**WHAT TO DO**. Reproduce every entry that follows word for word, but omit the images.

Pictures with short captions
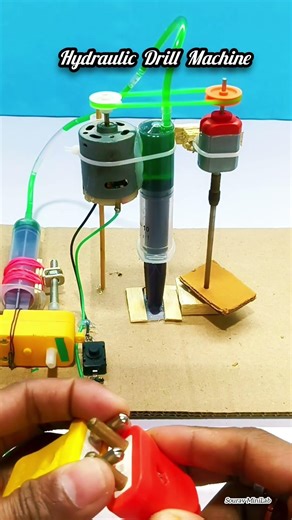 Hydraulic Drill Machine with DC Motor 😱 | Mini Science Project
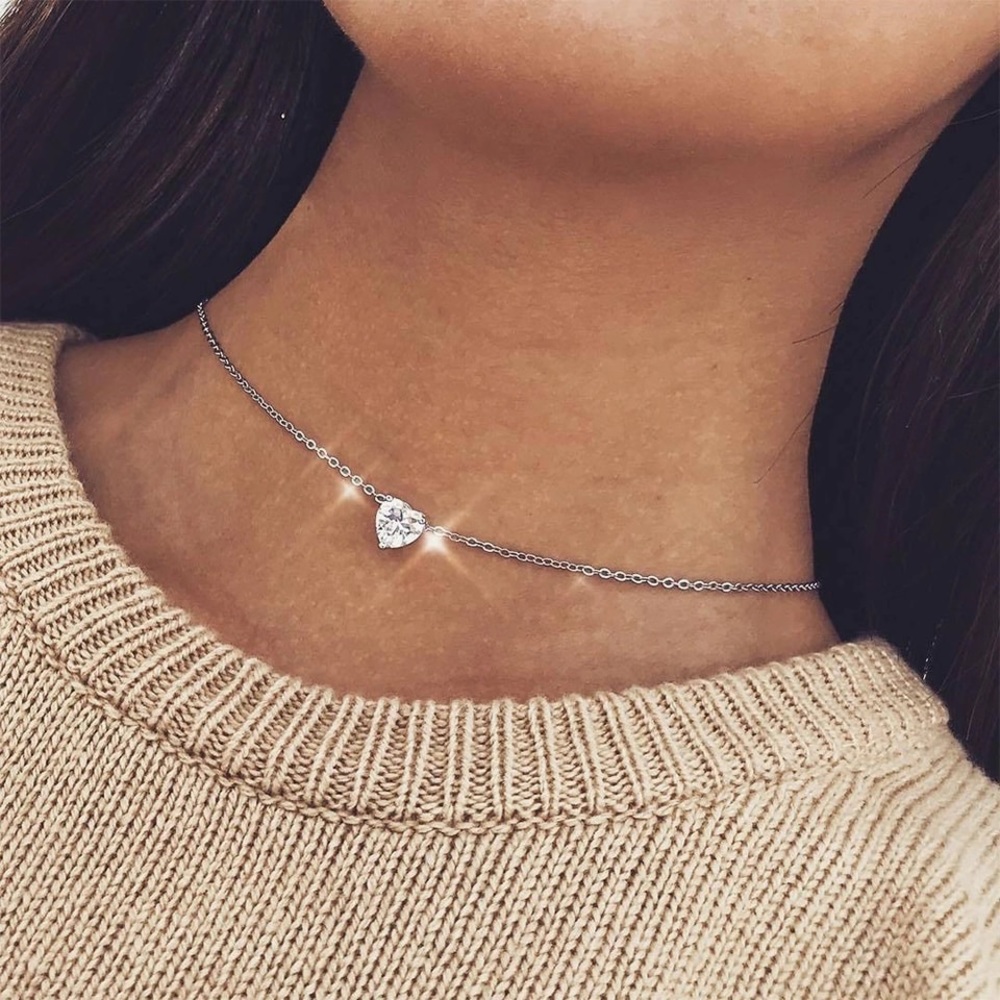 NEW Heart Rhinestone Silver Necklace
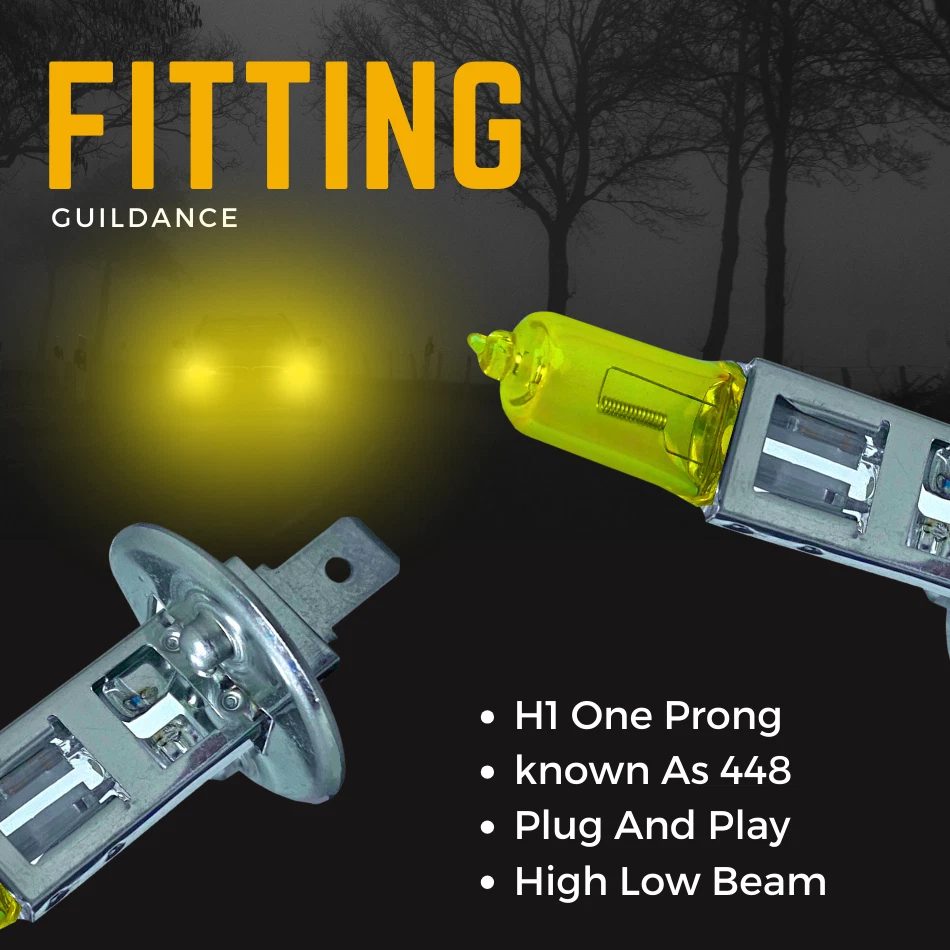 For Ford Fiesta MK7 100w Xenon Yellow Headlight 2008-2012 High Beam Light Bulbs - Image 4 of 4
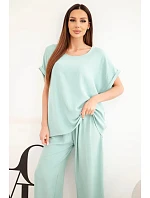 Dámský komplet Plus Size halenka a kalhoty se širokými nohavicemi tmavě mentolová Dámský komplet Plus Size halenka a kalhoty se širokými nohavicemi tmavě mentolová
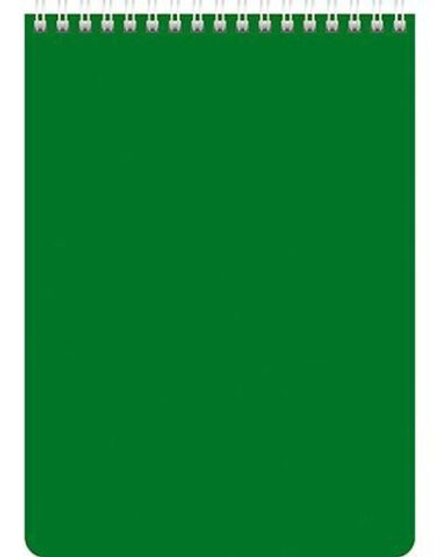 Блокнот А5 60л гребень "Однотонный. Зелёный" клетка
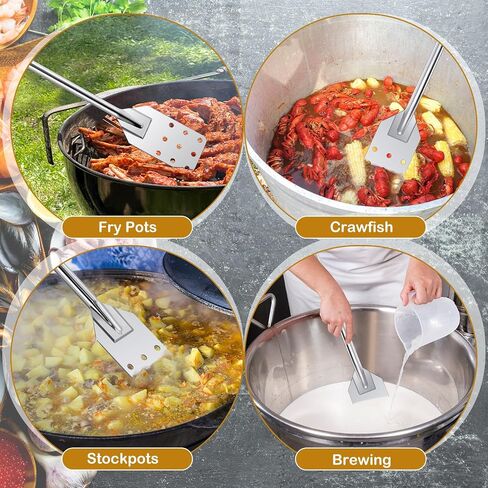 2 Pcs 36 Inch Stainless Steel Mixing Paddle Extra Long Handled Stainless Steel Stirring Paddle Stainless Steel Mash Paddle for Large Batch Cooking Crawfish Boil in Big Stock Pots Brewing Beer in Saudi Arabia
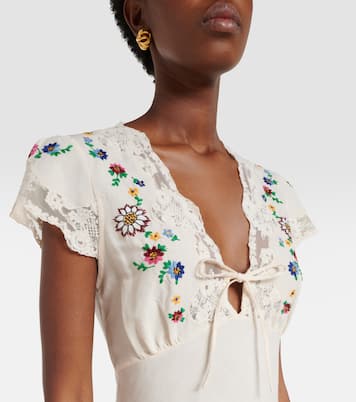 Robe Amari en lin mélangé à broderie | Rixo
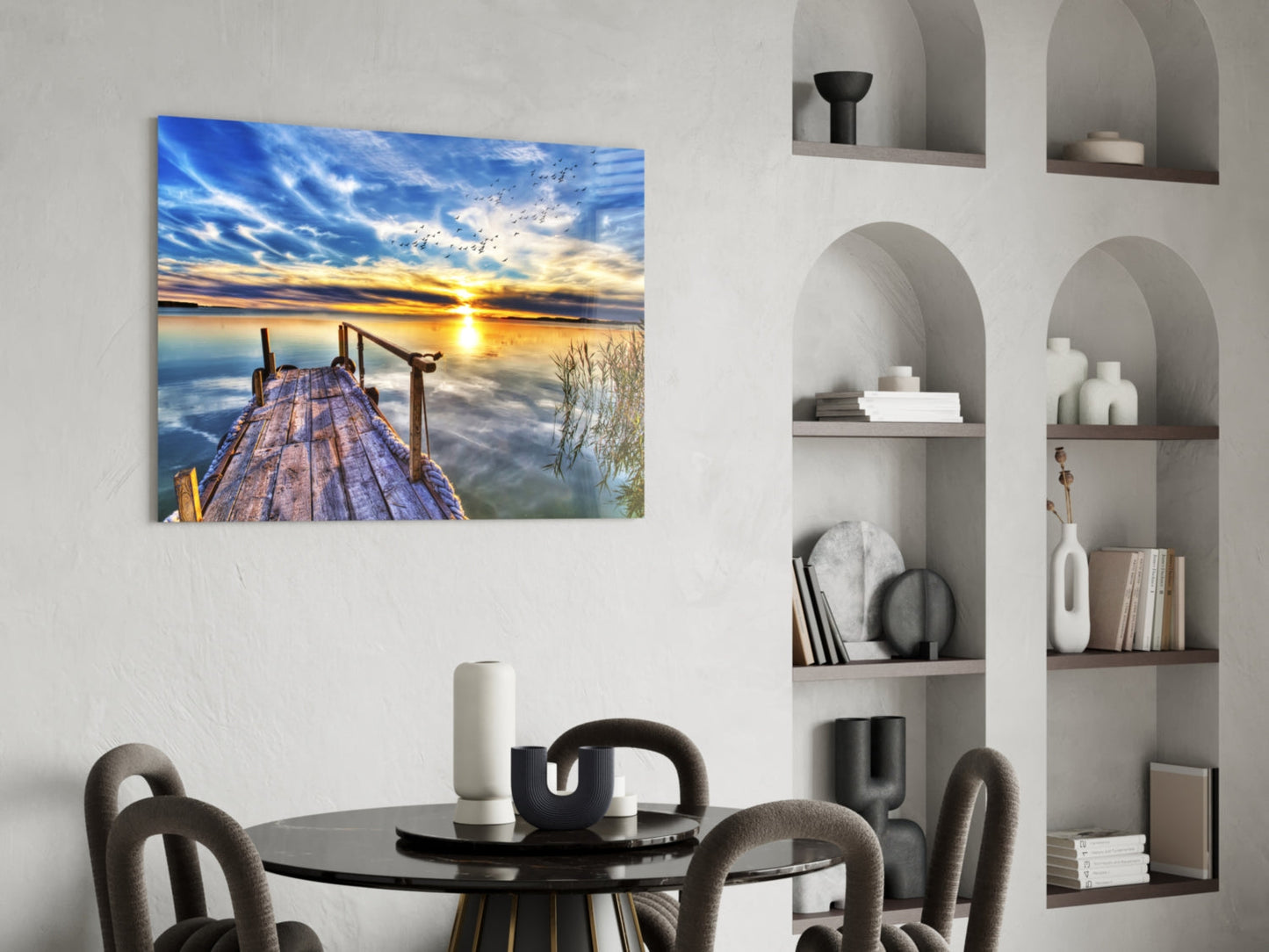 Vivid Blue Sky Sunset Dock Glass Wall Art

**TASK ANSWER**.
 Hydraulic Drill Machine with DC Motor 😱 | Mini Science Project
 NEW Heart Rhinestone Silver Necklace
 For Ford Fiesta MK7 100w Xenon Yellow Headlight 2008-2012 High Beam Light Bulbs - Image 4 of 4
 Dámský komplet Plus Size halenka a kalhoty se širokými nohavicemi tmavě mentolová Dámský komplet Plus Size halenka a kalhoty se širokými nohavicemi tmavě mentolová
 Блокнот А5 60л гребень "Однотонный. Зелёный" клетка
 2 Pcs 36 Inch Stainless Steel Mixing Paddle Extra Long Handled Stainless Steel Stirring Paddle Stainless Steel Mash Paddle for Large Batch Cooking Crawfish Boil in Big Stock Pots Brewing Beer in Saudi Arabia
 Robe Amari en lin mélangé à broderie | Rixo
 Vivid Blue Sky Sunset Dock Glass Wall Art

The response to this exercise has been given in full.